◆ Extracted material
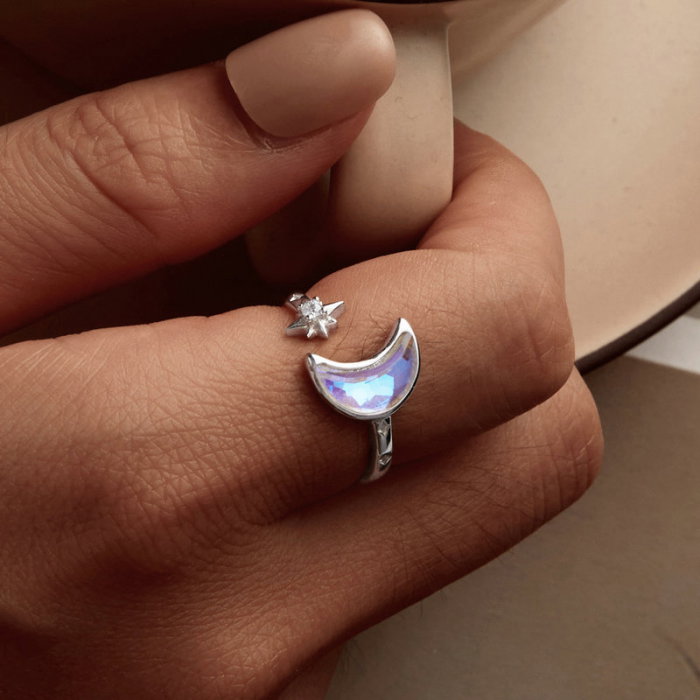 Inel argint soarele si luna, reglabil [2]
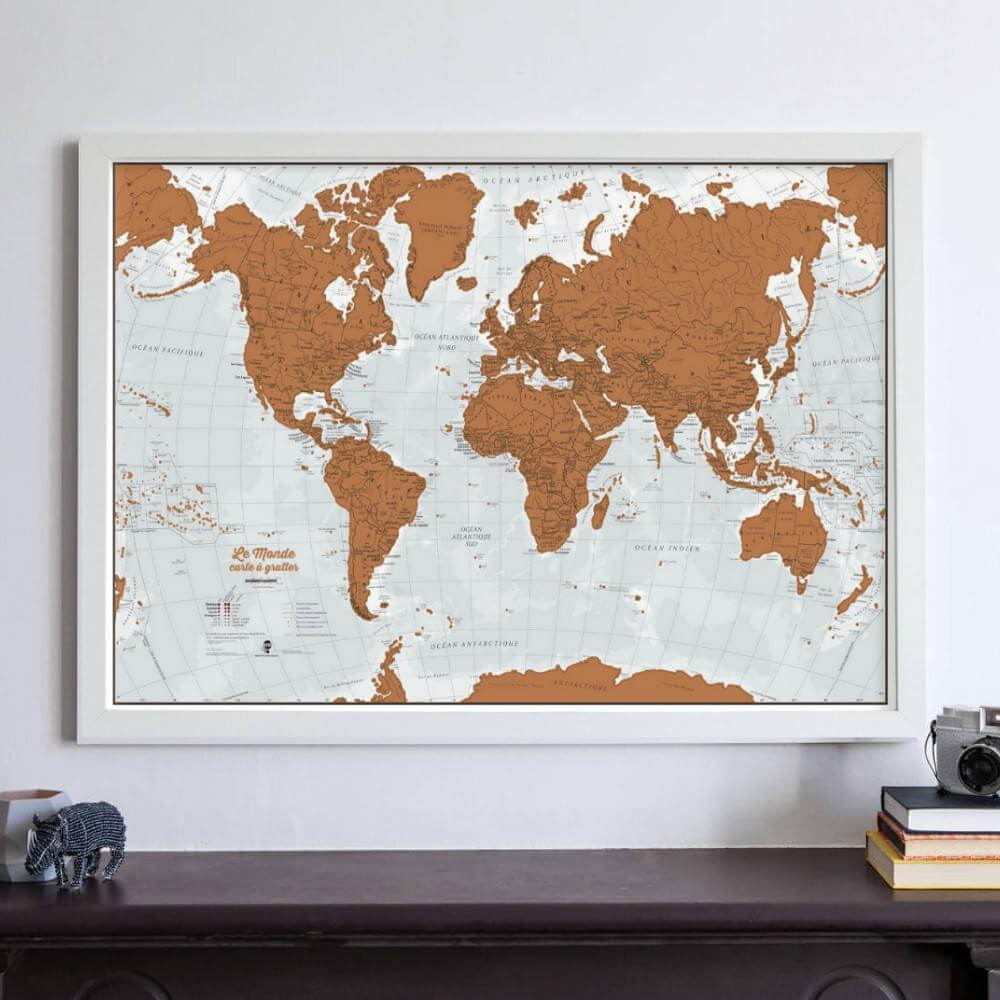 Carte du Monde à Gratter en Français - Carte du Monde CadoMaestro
...
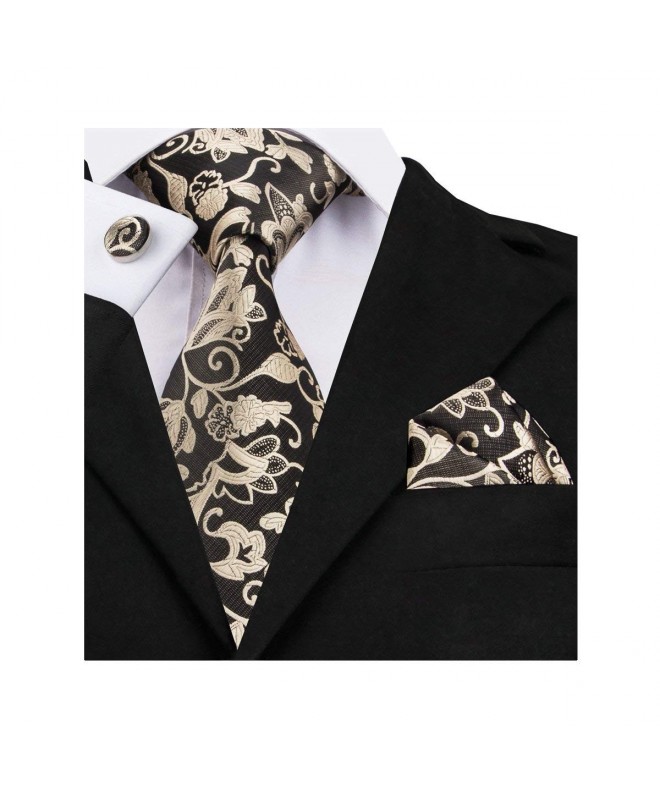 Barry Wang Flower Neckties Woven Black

◆ What to produce
The stretch above running from the line with "Inel argint soarele si luna, reglabil [2]" through the line with "Carte du Monde à" is all you should copy, exactly, leaving out the pictures.

◆ Problem solution
 Inel argint soarele si luna, reglabil [2]
 Carte du Monde à Gratter en Français - Carte du Monde CadoMaestro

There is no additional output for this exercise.